• REQUIREMENT: Produce a verbatim transcription of the entries, with all pictures omitted.

BEGIN GIVEN RECORDS

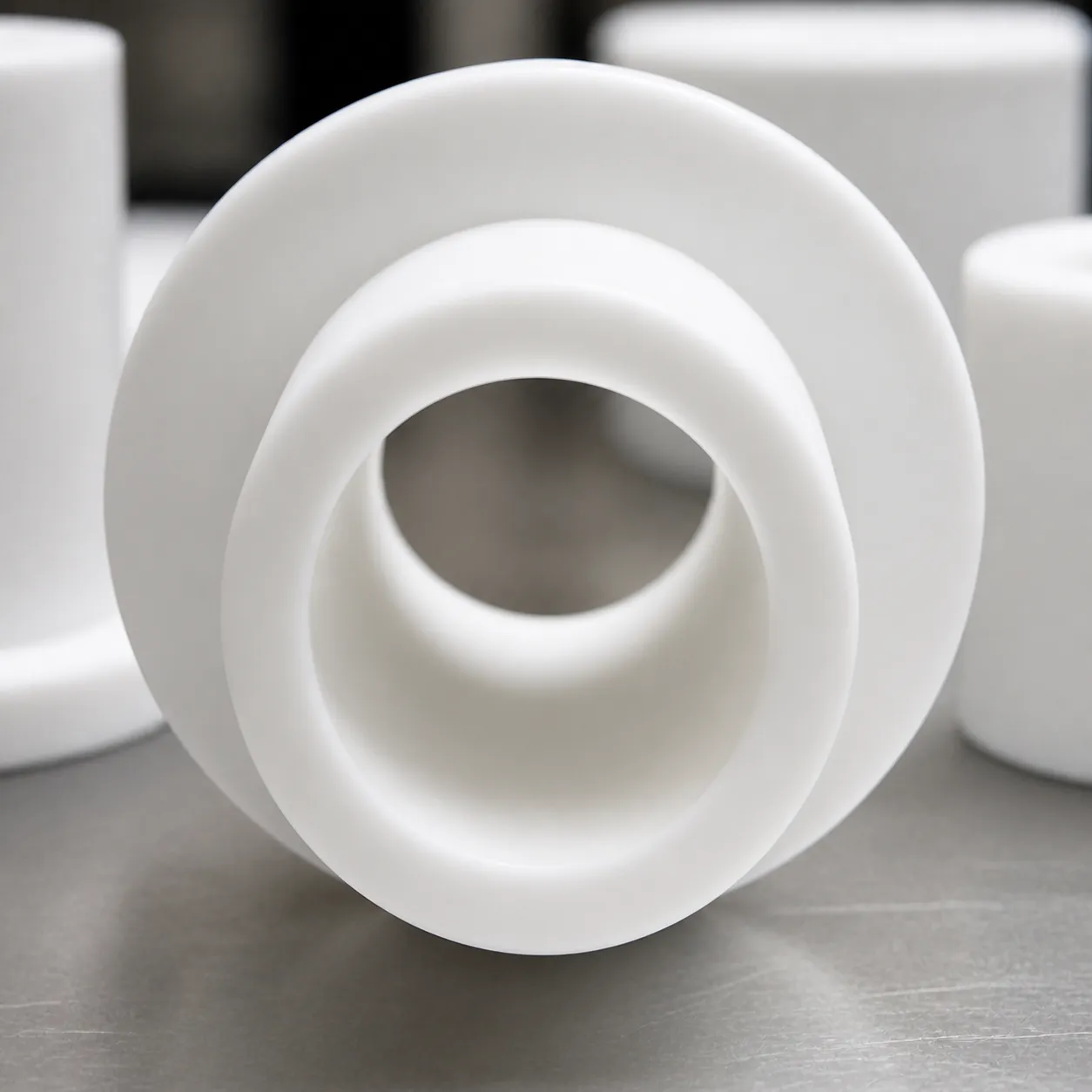Bushings et manchons en PTFE | Roulements personnalisés à faible frottement et résistants à la corrosion
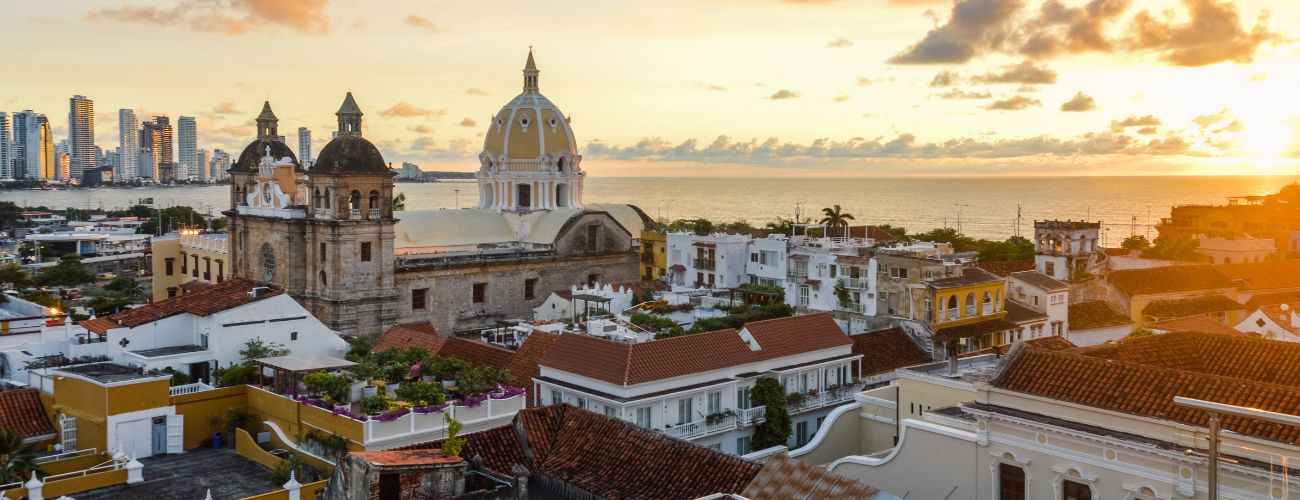 Free Walking Tour Cartagena das Índias na Colômbia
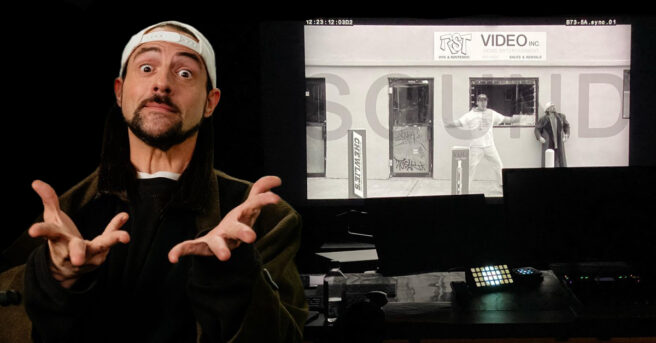 Kevin Smith, Clerks 3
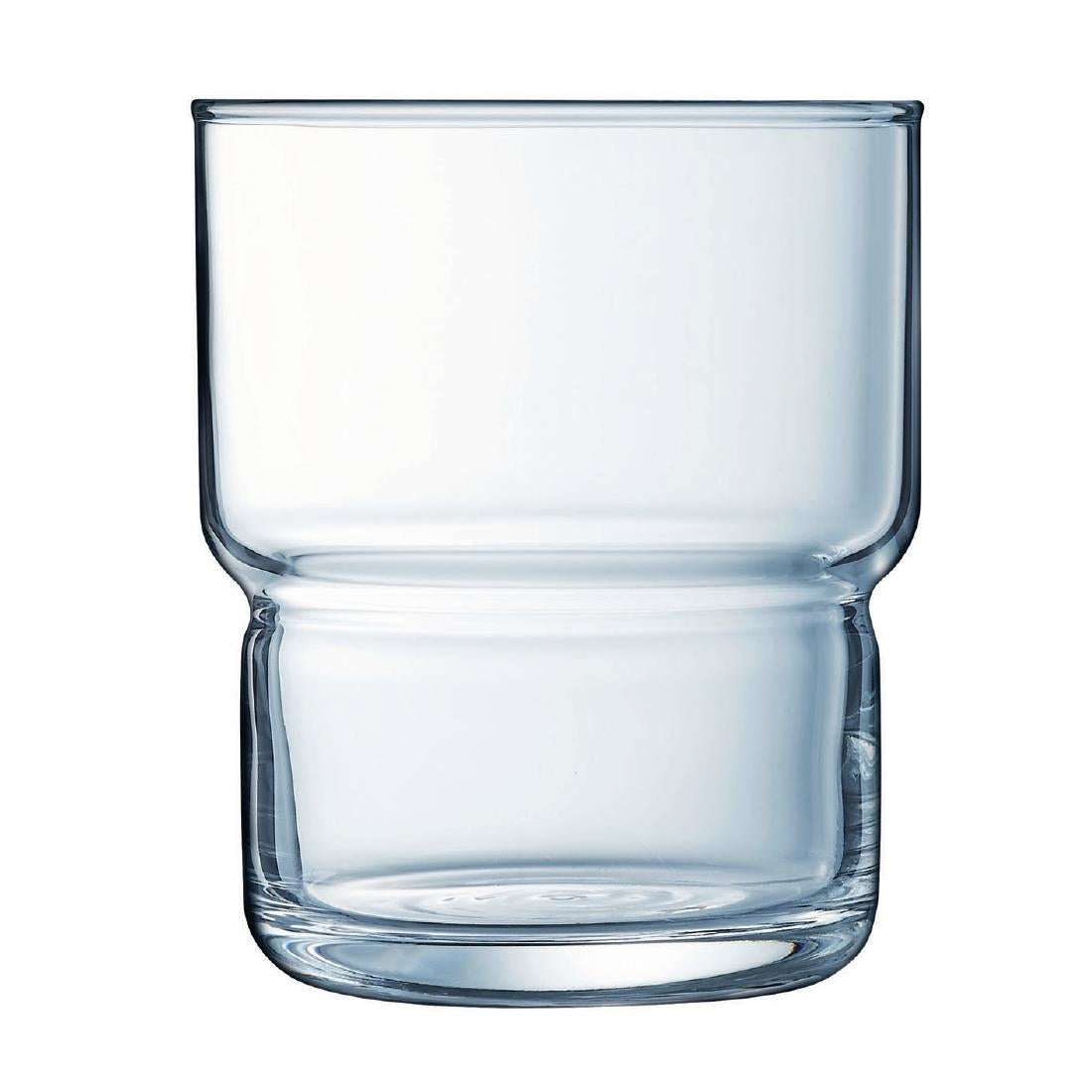 HW241 Arcoroc Log Tumblers 270ml (Pack of 48)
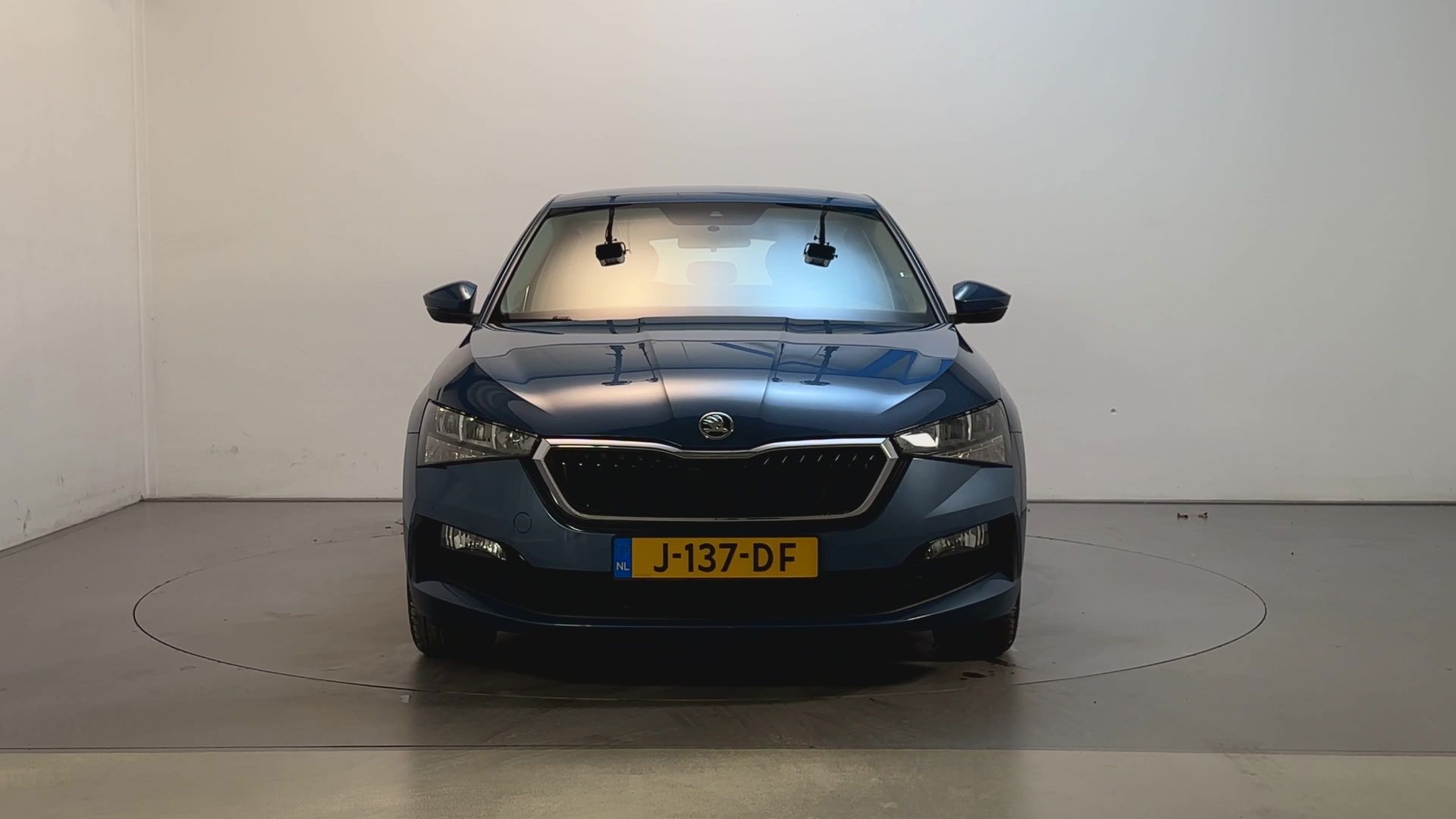 Foto van Skoda Scala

END GIVEN RECORDS

• WRITTEN RESPONSE:
Bushings et manchons en PTFE | Roulements personnalisés à faible frottement et résistants à la corrosion
 Free Walking Tour Cartagena das Índias na Colômbia
 Kevin Smith, Clerks 3
 HW241 Arcoroc Log Tumblers 270ml (Pack of 48)
 Foto van Skoda Scala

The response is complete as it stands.